I'd like to specify positions on a plane or in 3D space using just a single number
I can see one way to do it in a plane, using a spiral. I simply start at the centre and travel along the spiral a given distance.
I can clearly specify any point on the plane this way, to any required degree of precision, with a single length measurement.
Question
(a) Is there a more intuitive* function to use whilst still using only a single co-ordinate?
(b) What 3D function can I use to generalise this spiral (or similar function) to a 3D space?
*Note: A spiral is intuitive in that, the bigger the number, the further you are away radially from the origin. Of course, the actual distance from the origin and direction are not obvious without further manipulation of the measurement function.
The spiral does not work in the strict mathematical sense, i.e. there will always be gaps between successive loops of the spiral. In order to actually cover the entire plane (or even a small subset like a filled in square $[0,1]^2$ you need to use a relatively pathological object called a space-filling curve. But with a spiral, you do pass through say, every cube with integer coordinates if your spiral is tightly wound enough.

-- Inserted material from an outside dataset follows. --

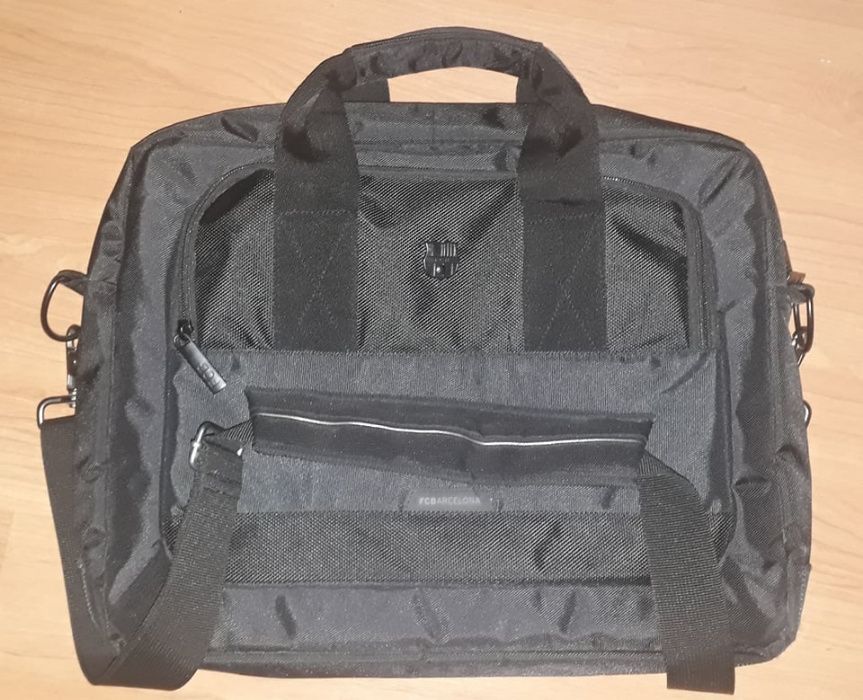 Geanta laptop 15,6" FC Barcelona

It would seem to me that this issue
disappears once you choose a certain fixed spiral, because the act of choosing the spiral also forces you to say what the angle and radius of each point is.
One choice, which does indeed pass through every box with integer coordinates (although some will be right on the border) is the spiral whose point at angle $\theta\ge 0$ is at distance $\theta/360º$. So after each round of 360º, the distance from the origin advances by $1$. (This sort of spiral that is linear in the angle is precisely what your picture is. There are other spirals that get more or less packed for larger angles..)
If you would like to have integer coordinates for your 'spiral', a reasonable choice is maybe something like the Ulam spiral.
As for a 3D generalisation of a densely packed spiral, I find it hard to visualise. Perhaps you can take some inspiration from yarn balls...?